Capturing agency after loss

The experience of agency is so varied, and always present

You may have already noticed how varied people’s experiences of agency after loss can be across different areas of their life. In some ways a person might be feeling quite immobilised by grief, doubting so much that they used to feel they were assured of, and feeling fearful of taking any significant action. Or perhaps they’re afraid to “move forward” with anything new, like sorting through belongings or moving to new accommodation, because of the fear that this kind of “moving forward” might create further loss, or distance them from special memories of their deceased loved one.

Another kind of disconnection from agency that grievers often experience is around how they grieve or make sense of their loss. Often there are strong social influences making claims about how grieving people should and shouldn’t grieve, and leaving them feeling unsure of their own preferences or worried about the “normality” of their own experiences. And yet, in other ways or areas of their life, you might notice a fierce kind of fire. A new clarity about their values and a strong commitment and drive to take action, to advocate, to change things they used to tolerate.

No matter how much loss has taken away, there is always still agency. We can help our clients to capture and bring forward from their stories of agency the confidence to decide and to act, so that they can adapt their lives after loss. And we can help our clients to grow their sense of agency, so that they can get clearer about what they value and prefer, as they create their meaningful life after loss.

Explore agency with your clients

  • Where, even in the most restricted of experiences, both past and present, have you been able to find or create a tiny bit of agency?
  • What or who have you had to come up against in your efforts to claim or exercise your agency?
  • Where have you found grace in action during the hardest times?
  • How did you recognize agency when you came upon it?
  • Did you notice in your head, a thought that said, “Oh wait, I have some ability to take an action here!”? Or did you notice something in your body moved differently?
  • In what ways have you created or exercised agency, even in the face of limited support or evident obstacles to your exercise of your agency? How did you do that? What did you draw on?
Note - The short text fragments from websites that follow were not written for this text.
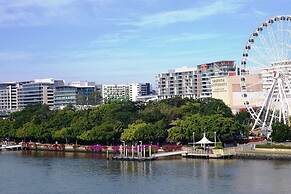 Fortitude Valley 2bed Parking Pool Showground Qfv010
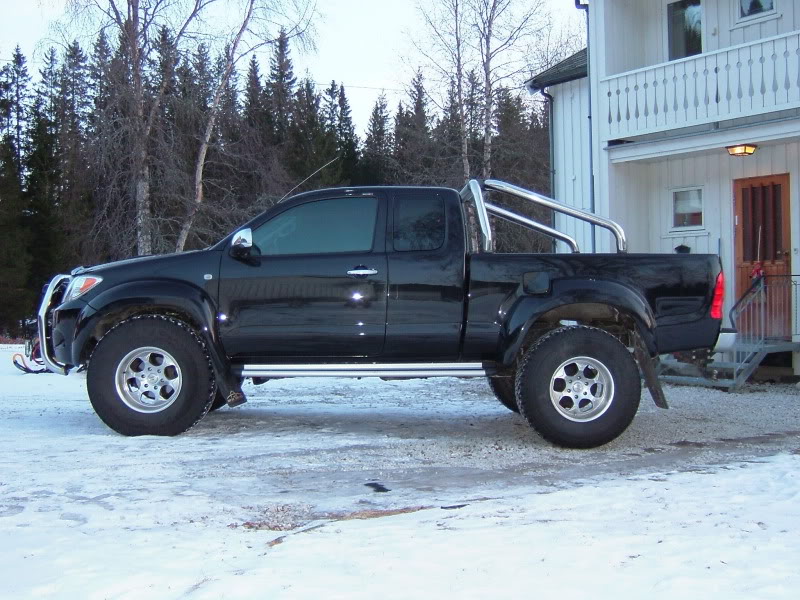 Tomera - 06' Toyota Hilux AT37'' by Arctic Trucks DSCF2395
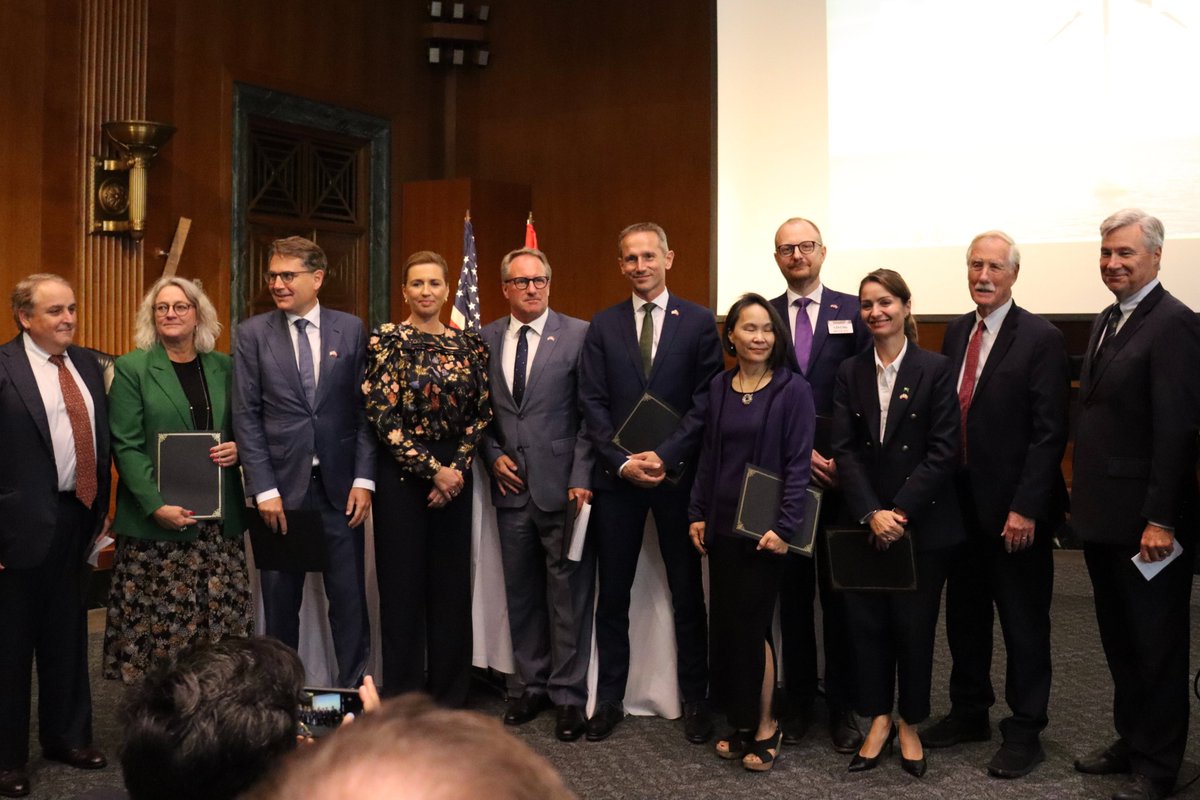 🇺🇸is expected to become a significant player within green hydrogen. Proud to launch the Green Hydrogren Alliance at our seminar on Capitol Hill today.I’m thrilled that🇩🇰&amp;🇺🇸partners commit to this new partnership aiming to advance green solutions &amp; pave the way for climate action.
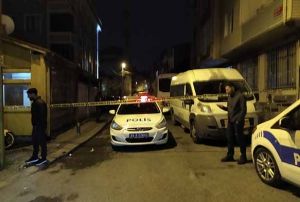 Grlt yapan gruba mdahale eden polis babasna darp:2 yaral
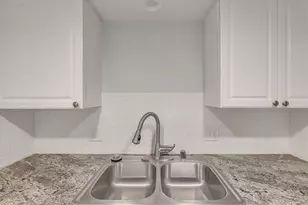 7106 Fortune Dr, Middleton, WI 53562 - Photo 9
Do you have other stories of having created or claimed your agency in the face of significant obstacles?
  • How did you act upon that sense of agency? What was the first step – a decision, or an action, or something else? Even if it was just some very tiny action like taking a purposeful, very deep breath, what was the action?
  • How did your exercising of your agency help you to shift your experience?
  • If you did not realize you had the ability to take action prior, how might you remind yourself in future that you have the ability to take action – even if it is a tiny action like taking a deep breath?
  • Who has supported your agency in the past? How do they support your agency? What or who else reminds you that you can decide and act? How can you draw that/ them closer now?
  • How might agency become part of your creative approach to grief and life after loss in the future?

Agency is something we do together

Explore these areas of your client’s personal experiences of agency, but remember that nobody is an island. Agency and social life, including social justice are intertwined. Reflect on your practice:

  • Even as you support your clients to explore and exercise their personal agency, how can you as a practitioner be growing your awareness of the ways that social injustices restrict some people’s access to agency and choice?
  • How can you stand with your clients to deconstruct and challenge institutions and ideas that are obstacles to agency?
  • How does your relationship approach with your client support your client to exercise agency in any conversations and other things you do together?